What to produce »
The records follow. Print, word for word, the first line through the "146 Bernadette Dr, Dingmans" line.

Material for this exercise »
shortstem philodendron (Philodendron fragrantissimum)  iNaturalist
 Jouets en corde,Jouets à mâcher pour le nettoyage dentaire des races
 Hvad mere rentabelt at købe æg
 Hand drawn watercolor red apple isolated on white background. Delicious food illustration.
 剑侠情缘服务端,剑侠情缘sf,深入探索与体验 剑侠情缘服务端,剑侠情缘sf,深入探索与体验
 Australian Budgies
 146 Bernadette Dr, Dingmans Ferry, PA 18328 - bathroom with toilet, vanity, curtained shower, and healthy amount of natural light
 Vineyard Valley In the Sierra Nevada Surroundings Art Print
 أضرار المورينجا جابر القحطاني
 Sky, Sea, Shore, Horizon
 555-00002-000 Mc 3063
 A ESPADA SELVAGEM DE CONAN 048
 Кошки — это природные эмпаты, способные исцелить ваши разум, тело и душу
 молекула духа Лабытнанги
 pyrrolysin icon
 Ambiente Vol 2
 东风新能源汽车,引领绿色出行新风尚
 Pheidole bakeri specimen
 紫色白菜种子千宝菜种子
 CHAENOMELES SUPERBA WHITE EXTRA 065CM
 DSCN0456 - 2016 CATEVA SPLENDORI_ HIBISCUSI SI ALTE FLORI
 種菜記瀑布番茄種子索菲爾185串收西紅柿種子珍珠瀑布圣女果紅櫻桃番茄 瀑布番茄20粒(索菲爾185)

Response below »
shortstem philodendron (Philodendron fragrantissimum)  iNaturalist
 Jouets en corde,Jouets à mâcher pour le nettoyage dentaire des races
 Hvad mere rentabelt at købe æg
 Hand drawn watercolor red apple isolated on white background. Delicious food illustration.
 剑侠情缘服务端,剑侠情缘sf,深入探索与体验 剑侠情缘服务端,剑侠情缘sf,深入探索与体验
 Australian Budgies
 146 Bernadette Dr, Dingmans Ferry, PA 18328 - bathroom with toilet, vanity, curtained shower, and healthy amount of natural light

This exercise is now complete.